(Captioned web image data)
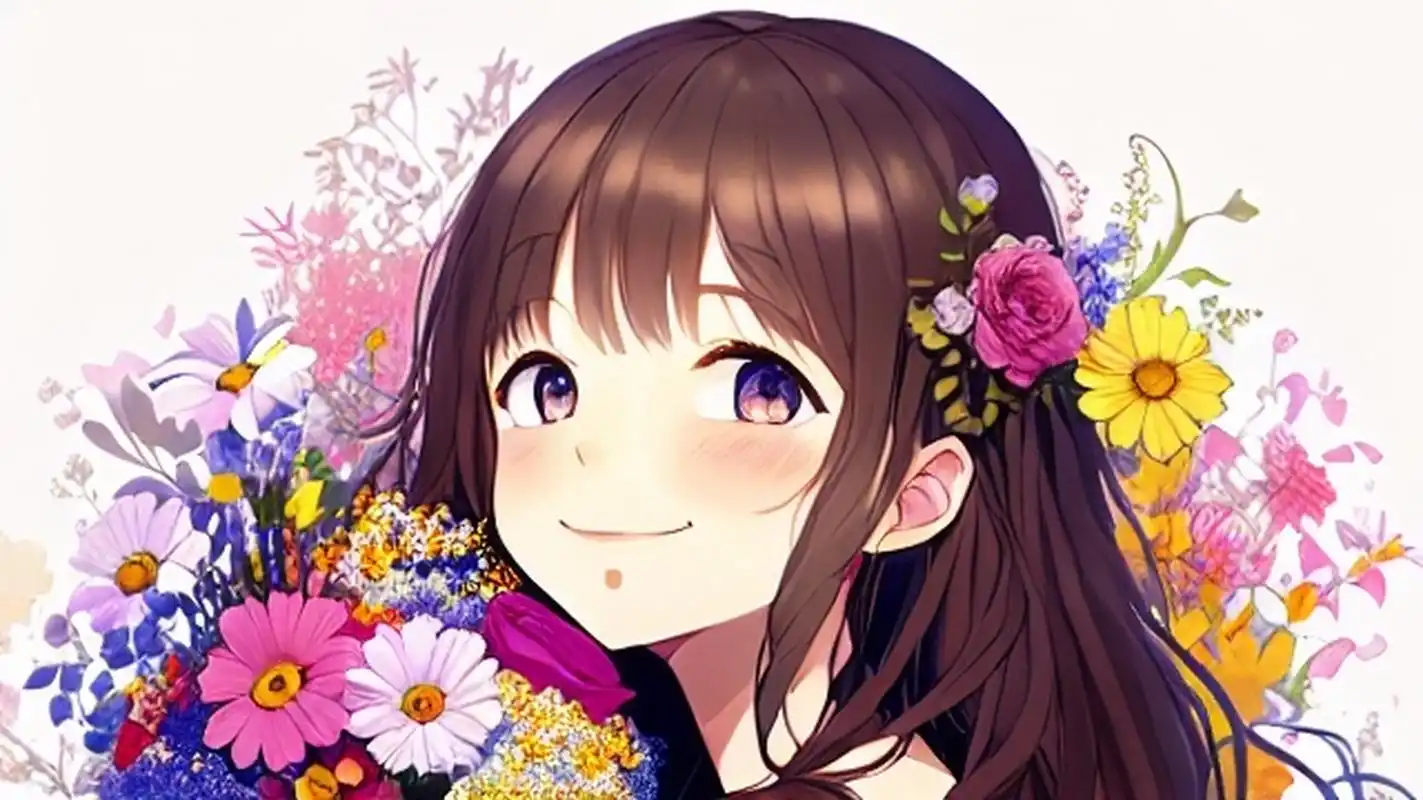 二次元少女,长发飘飘#二次元少女# #美女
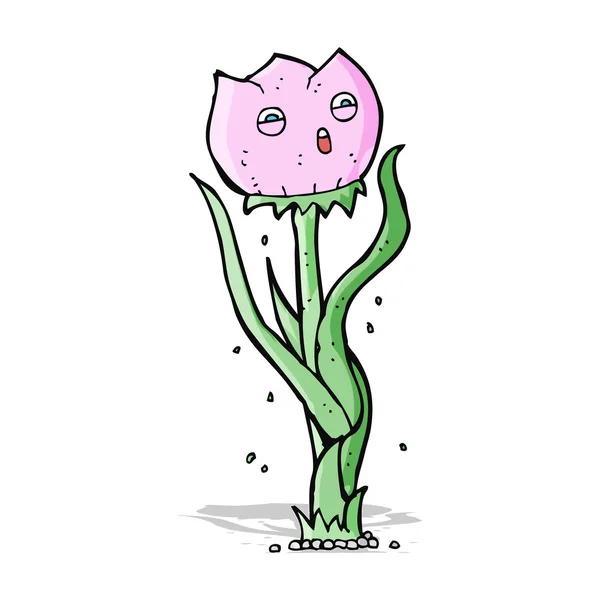 Cartoon bloem — Stockvector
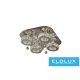 ELDLUX Kristály üveg mennyezeti lámpa 36w 2880lm CCT.T IP20 500x500x215mm Króm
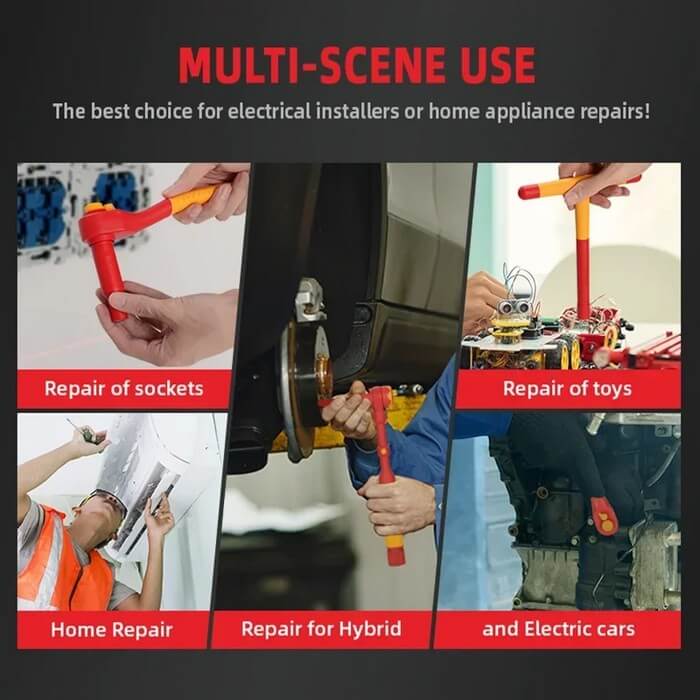 Набор инструмента диэлектрического 7 пр. Gatmatic фото 5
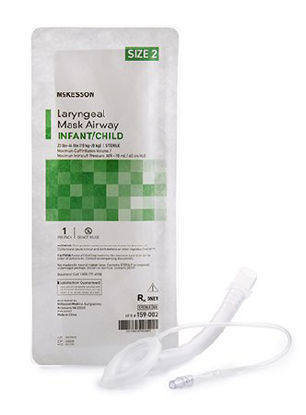 Picture of McKesson Laryngeal Mask Infant / Pediatric User Size 2 Clear PVC Sterile Disposable159-002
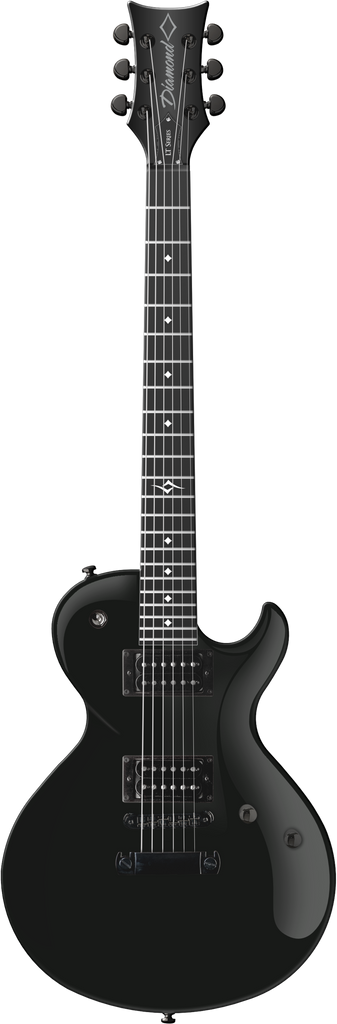 Diamond Bolero LT Series Electric Guitar - Raven Black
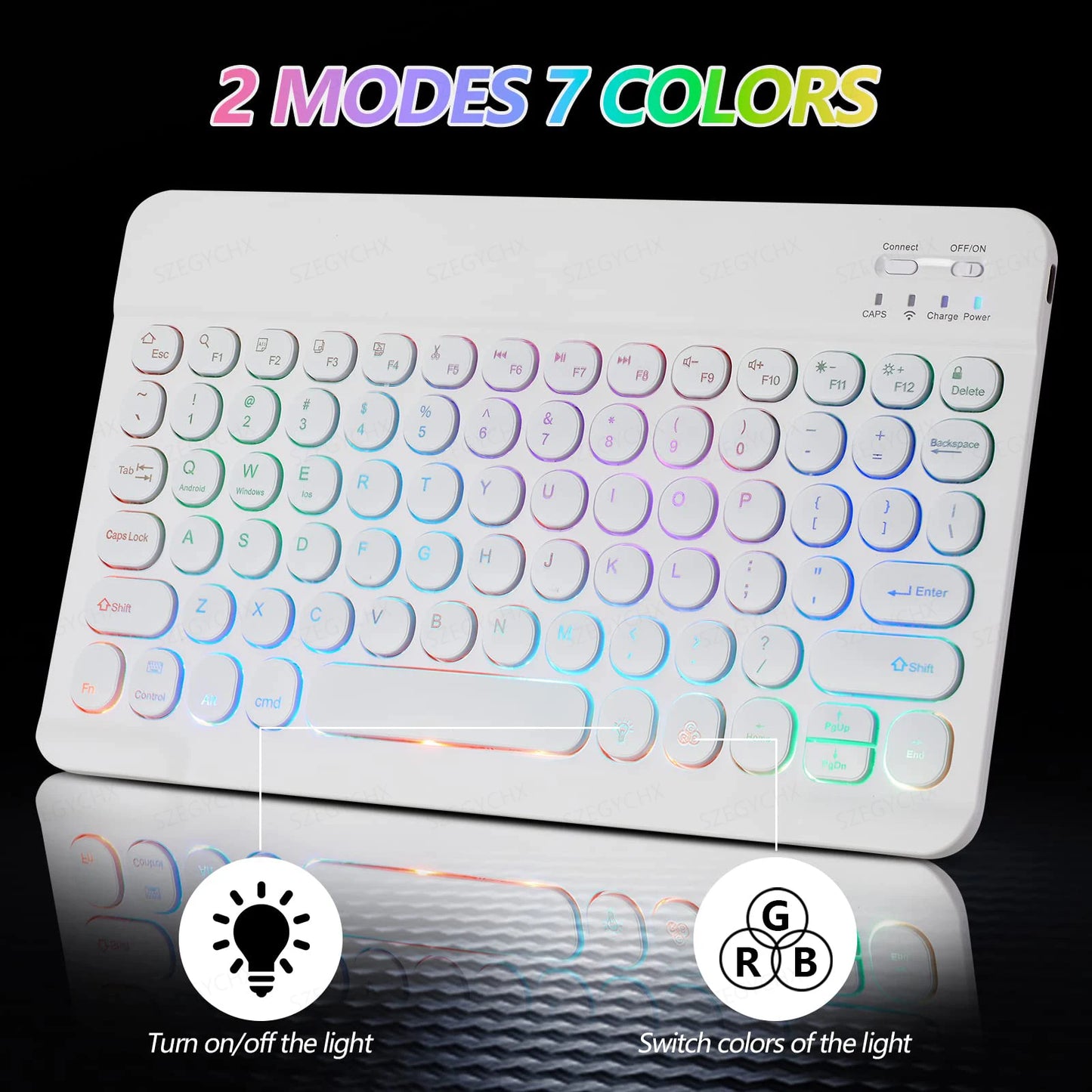 Bluetooth Wireless Magic for iPad 9 Generation Air Pro Mini Keyboard Mouse 11/10/9inch Tablet Keyboard for xiaomi Samsung Huawei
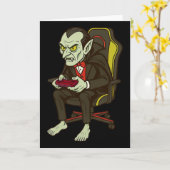 Halloween Vampire Beängstigend Gaming Video Game B Karte (Gelbe Blume)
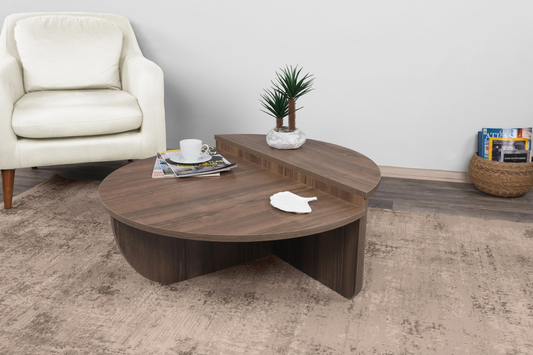 Table basse ronde modulable
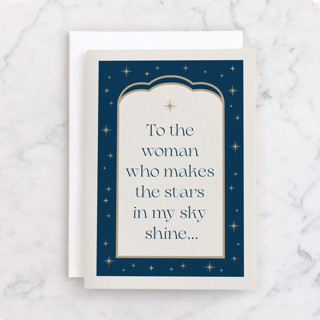 Starry Individual Anniversary Greeting Cards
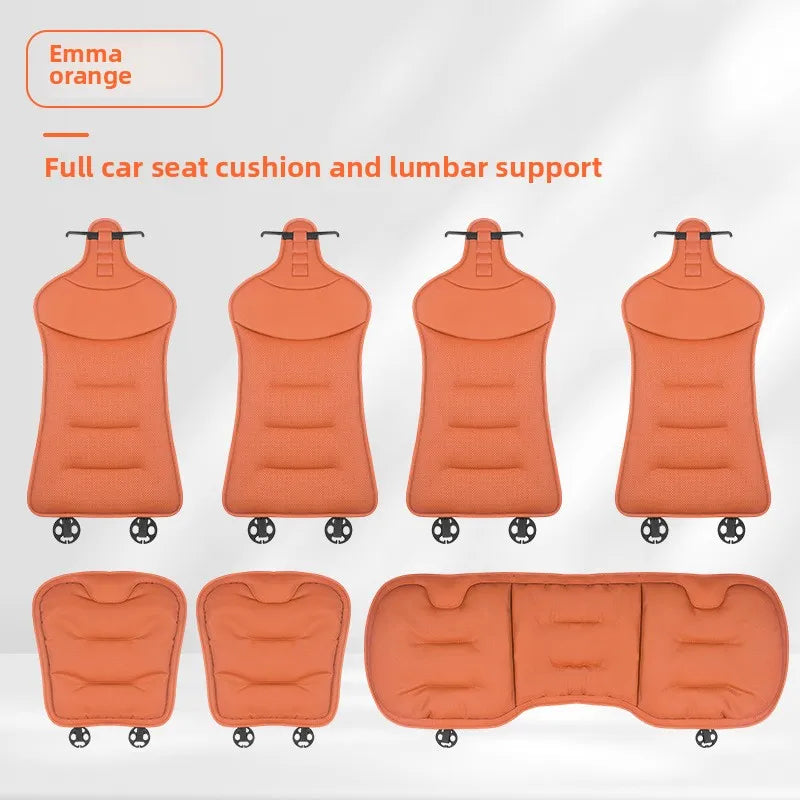 Universal Perforated Nappa Leather Car Seat Cover Luxury Sedan SUV Breathable Comfortable Cloud Cotton Cushions Car Seat Cover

What needs to be done: Copy the entries exactly. Leave the pictures out.

Output for this task:
 二次元少女,长发飘飘#二次元少女# #美女
 Cartoon bloem — Stockvector
 ELDLUX Kristály üveg mennyezeti lámpa 36w 2880lm CCT.T IP20 500x500x215mm Króm
 Набор инструмента диэлектрического 7 пр. Gatmatic фото 5
 Picture of McKesson Laryngeal Mask Infant / Pediatric User Size 2 Clear PVC Sterile Disposable159-002
 Diamond Bolero LT Series Electric Guitar - Raven Black
 Bluetooth Wireless Magic for iPad 9 Generation Air Pro Mini Keyboard Mouse 11/10/9inch Tablet Keyboard for xiaomi Samsung Huawei
 Halloween Vampire Beängstigend Gaming Video Game B Karte (Gelbe Blume)
 Table basse ronde modulable
 Starry Individual Anniversary Greeting Cards
 Universal Perforated Nappa Leather Car Seat Cover Luxury Sedan SUV Breathable Comfortable Cloud Cotton Cushions Car Seat Cover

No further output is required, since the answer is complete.